### [TASK TO CARRY OUT]
Each entry below should be echoed exactly, with pictures omitted.

* * * * * * * * *

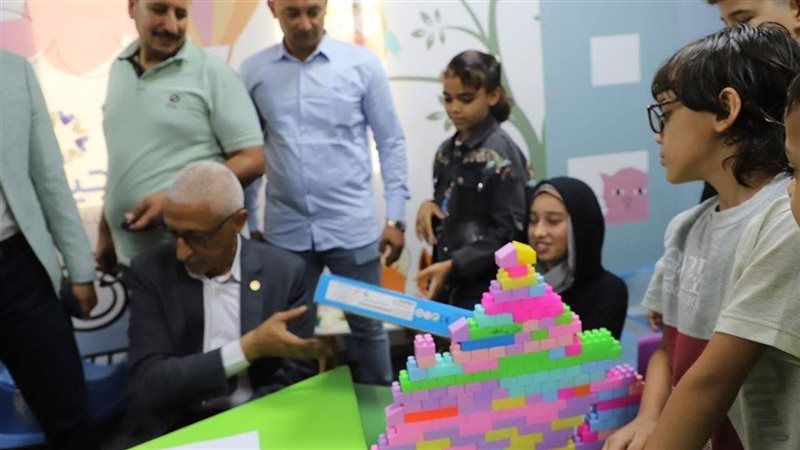 محافظ شمال سيناء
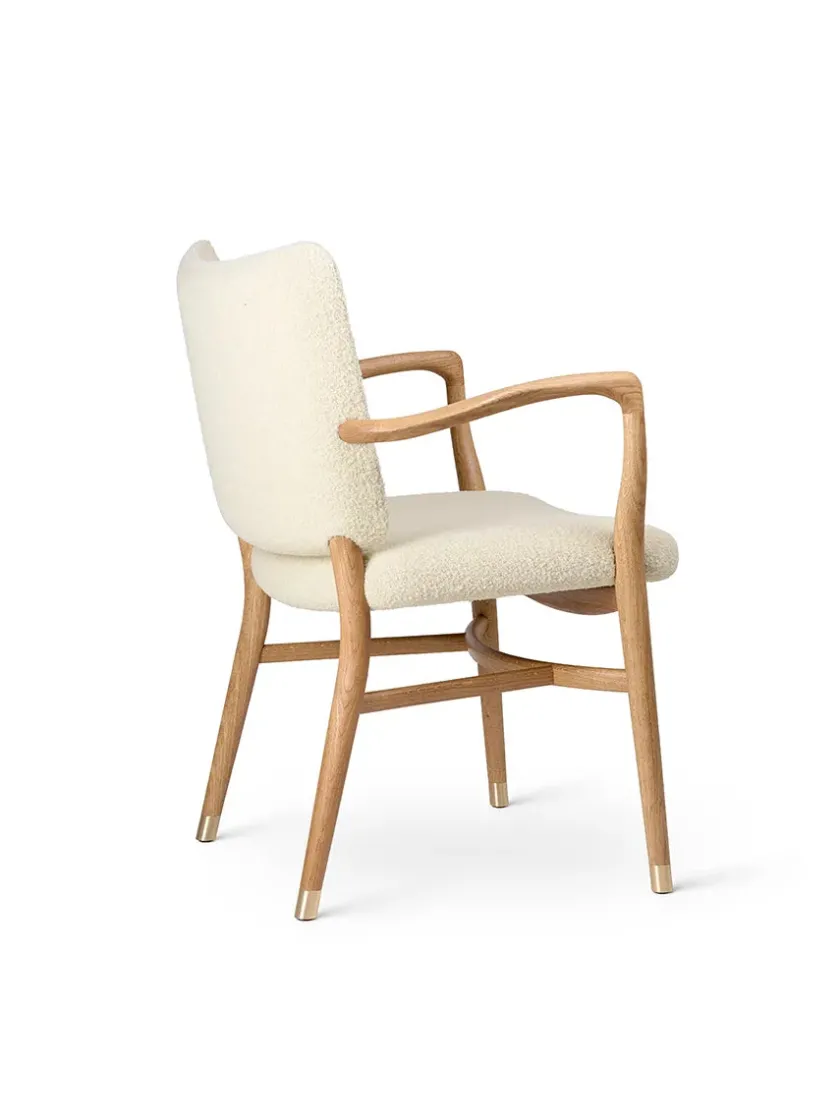 Carl Hansen & Søn Spisebordsstole<VLA61 Monarch Chair af Vilhelm Lauritzen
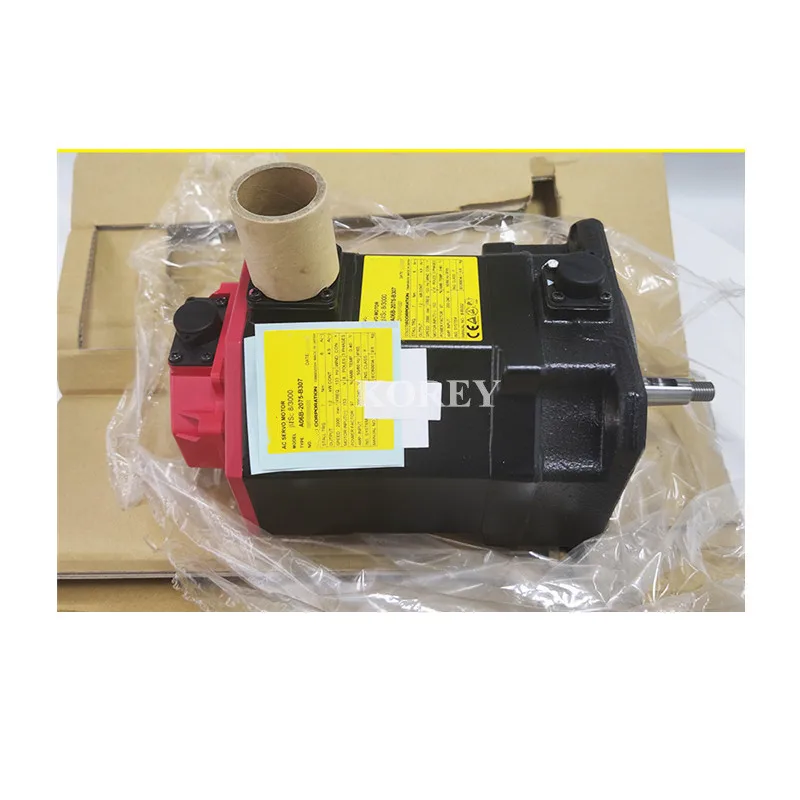 AC Servo Motor A06B-2075-B307 A06B-0075-B307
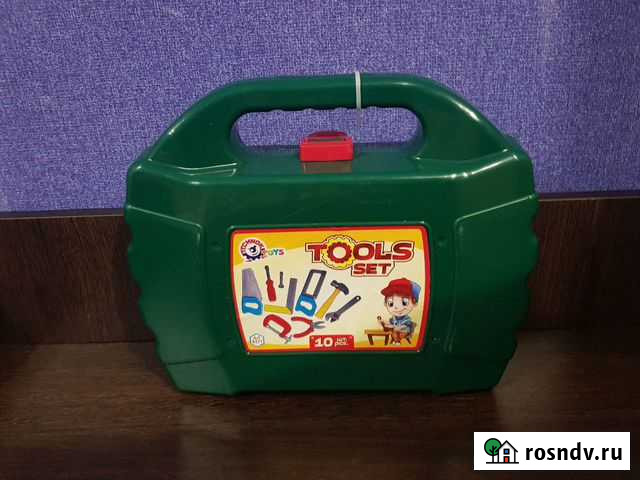 Набор инструментов Нижний Тагил - изображение 1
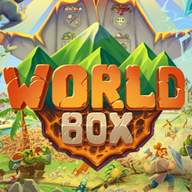 WorldBox MOD APK Unlock All icon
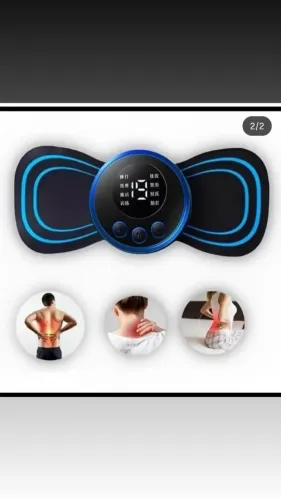 Mini massageador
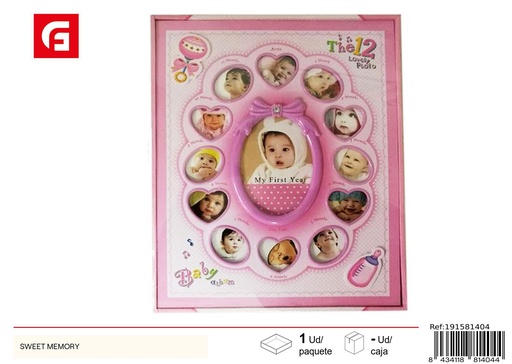 [191581404] Espejo Sweet Memory - Accesorios decorativos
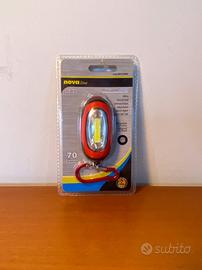NOVA LINE TORCIA LED PORTACHIAVI MINI TORCIA LED R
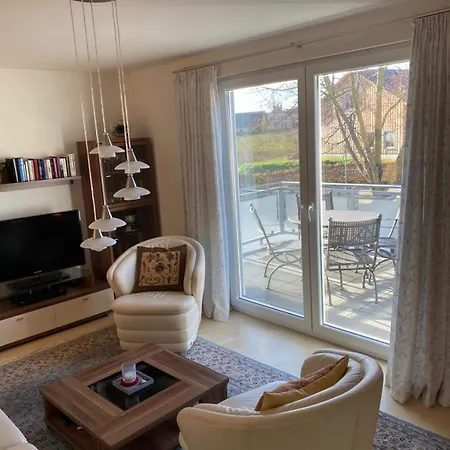Harmonie Direkt Am Golfplatz Apartment Göhren-Lebbin
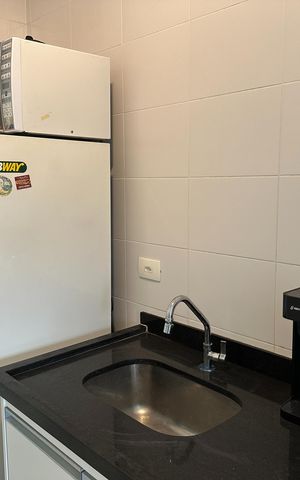 Apartamento para alugar com 52m², 2 quartos e 1 vaga Apartamento para alugar com 52m², 2 quartos e 1 vagaCozinha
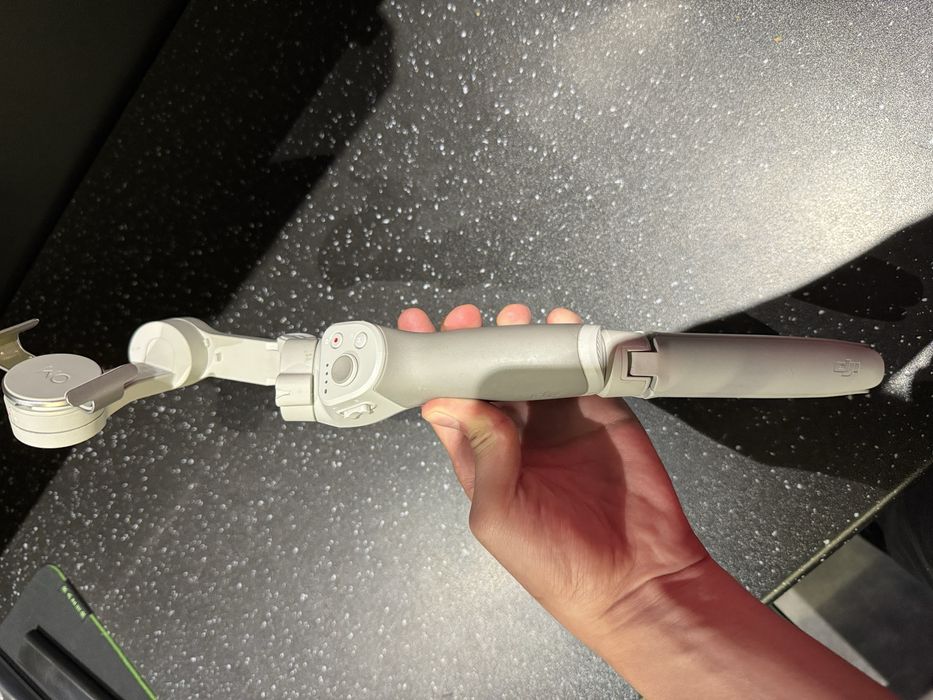 стабилизатор dji om4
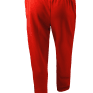 Dyed Tapered Warm-Up Pants (Solid Color) 4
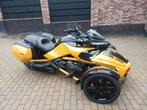 Can-am spyder F3S-SE6 DAYTONA  rijbewijs  B, Motoren, 3 cilinders, Meer dan 35 kW, 1300 cc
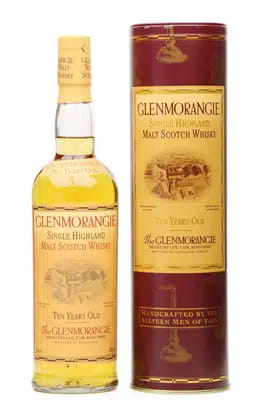 Glenmorangie 10 Years Old
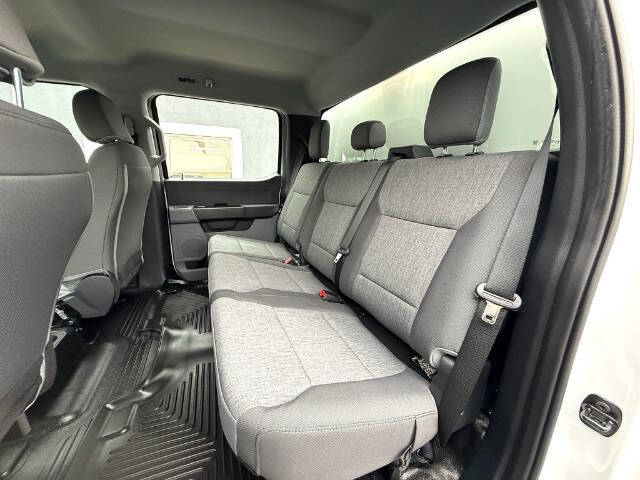 2024 Ford F-250 Super Duty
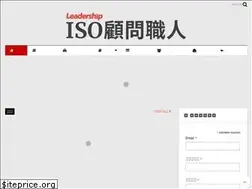 Sites similar to isoleader.blogspot.com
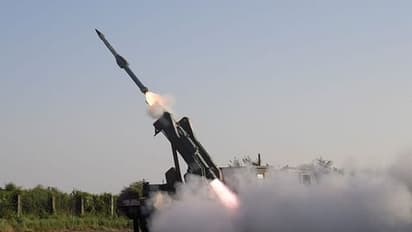 5 things to know about QRSAM, the 'Made in India' missile system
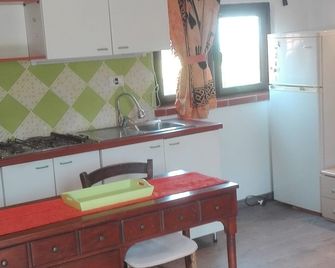 Elegant country house - Attic - Corigliano Calabro - Küche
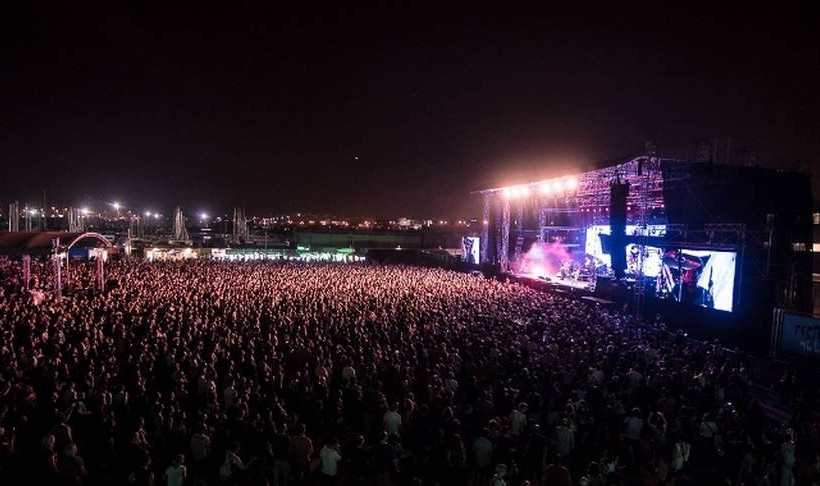 Release Athens Festival 2017: Thievery Corporation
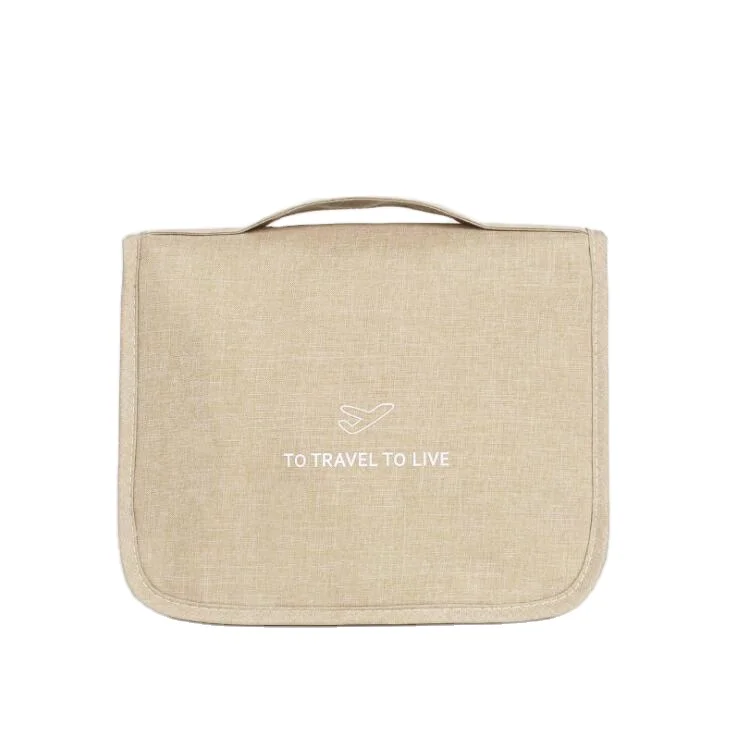 New Multifunctional Cosmetic Bag Portable Makeup Pouch Waterproof Travel Hanging Organizer Bag for Women Girls, Customized color
New Multifunctional Cosmetic Bag Portable Makeup Pouch Waterproof Travel Hanging Organizer Bag for Women Girls, Customized color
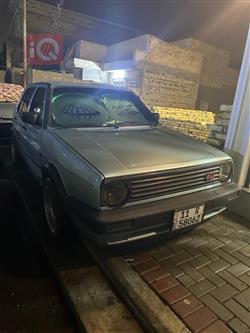 1992 فولكسفاغن جولف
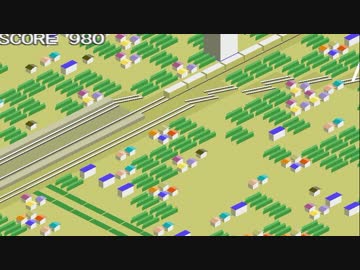 ゲームプログラミング風景垂れ流し #13 線路敷設処理 その２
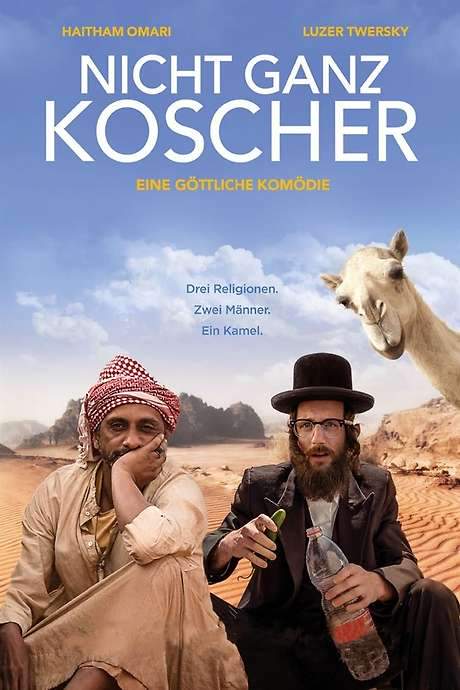 Nicht ganz Koscher (2022) movie poster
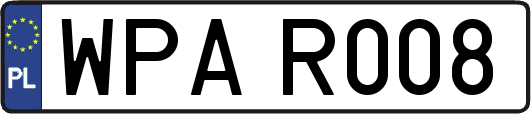 WPAR008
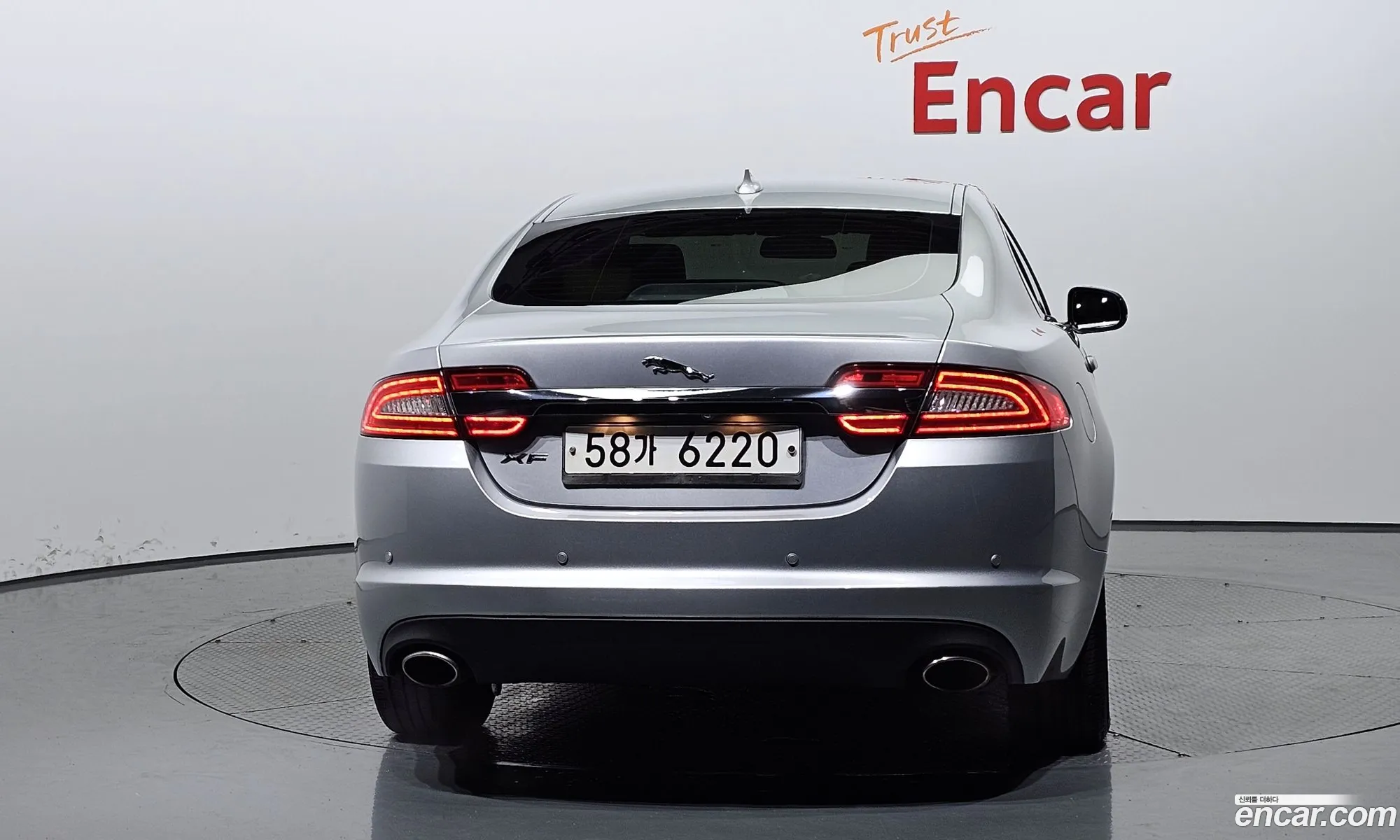 Jaguar New Xf 20 Luxury X250 - фотография 3904198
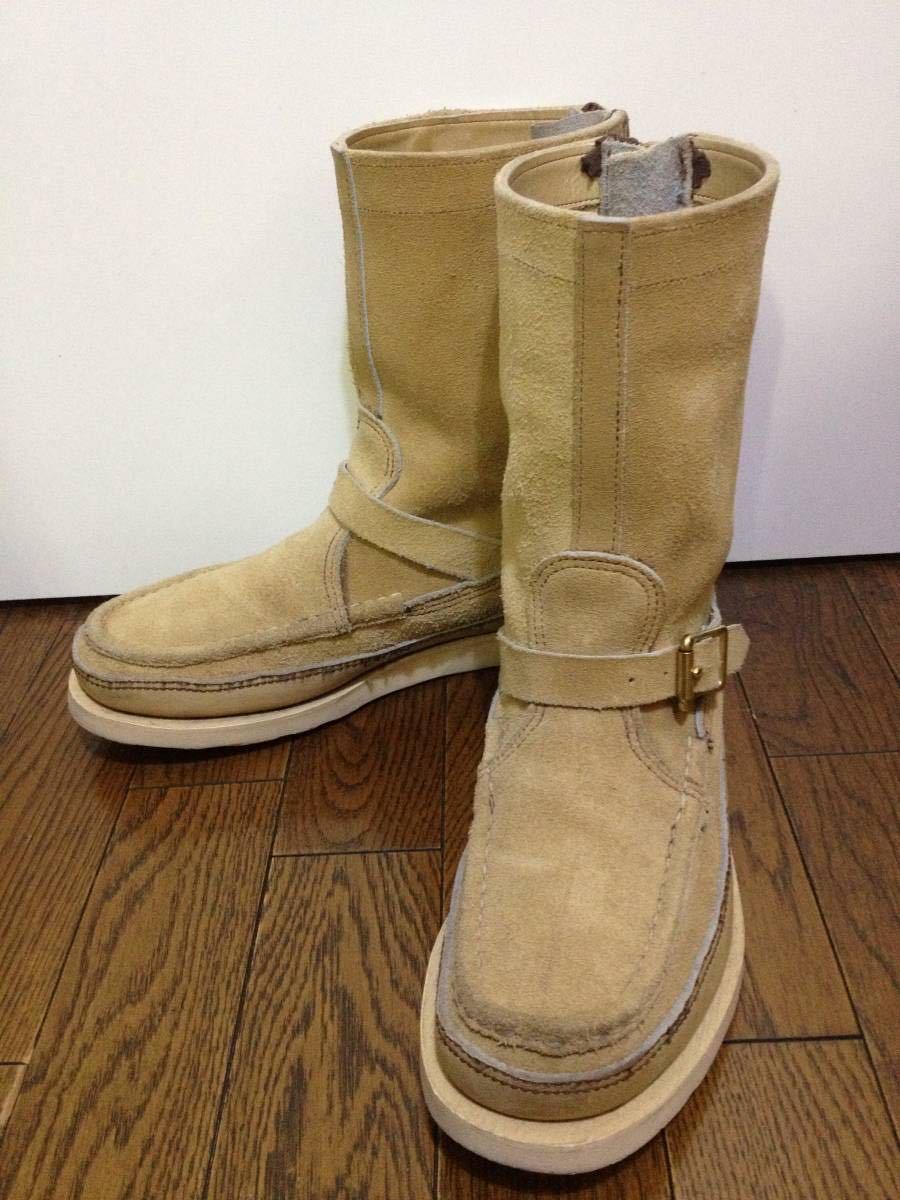 Yahoo!オークション - 別注 RUSSELL MOCCASIN ラッセルモカシン Yahoo!オークション - 別注 RUSSELL MOCCASIN ラッセルモカシン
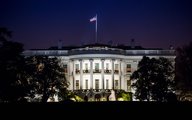 US_Presidential_Election_Building_White_House_Flag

* * * * * * * * *

### [WRITTEN SOLUTION]
 محافظ شمال سيناء
 Carl Hansen & Søn Spisebordsstole<VLA61 Monarch Chair af Vilhelm Lauritzen
 AC Servo Motor A06B-2075-B307 A06B-0075-B307
 Набор инструментов Нижний Тагил - изображение 1
 WorldBox MOD APK Unlock All icon
 Mini massageador
 [191581404] Espejo Sweet Memory - Accesorios decorativos
NOVA LINE TORCIA LED PORTACHIAVI MINI TORCIA LED R
Harmonie Direkt Am Golfplatz Apartment Göhren-Lebbin
 Apartamento para alugar com 52m², 2 quartos e 1 vaga Apartamento para alugar com 52m², 2 quartos e 1 vagaCozinha
 стабилизатор dji om4
 Dyed Tapered Warm-Up Pants (Solid Color) 4
 Can-am spyder F3S-SE6 DAYTONA  rijbewijs  B, Motoren, 3 cilinders, Meer dan 35 kW, 1300 cc
 Glenmorangie 10 Years Old
 2024 Ford F-250 Super Duty
 Sites similar to isoleader.blogspot.com
 5 things to know about QRSAM, the 'Made in India' missile system
 Elegant country house - Attic - Corigliano Calabro - Küche
 Release Athens Festival 2017: Thievery Corporation
 New Multifunctional Cosmetic Bag Portable Makeup Pouch Waterproof Travel Hanging Organizer Bag for Women Girls, Customized color
New Multifunctional Cosmetic Bag Portable Makeup Pouch Waterproof Travel Hanging Organizer Bag for Women Girls, Customized color
 1992 فولكسفاغن جولف
 ゲームプログラミング風景垂れ流し #13 線路敷設処理 その２
 Nicht ganz Koscher (2022) movie poster
 WPAR008
 Jaguar New Xf 20 Luxury X250 - фотография 3904198
 Yahoo!オークション - 別注 RUSSELL MOCCASIN ラッセルモカシン Yahoo!オークション - 別注 RUSSELL MOCCASIN ラッセルモカシン
 US_Presidential_Election_Building_White_House_Flag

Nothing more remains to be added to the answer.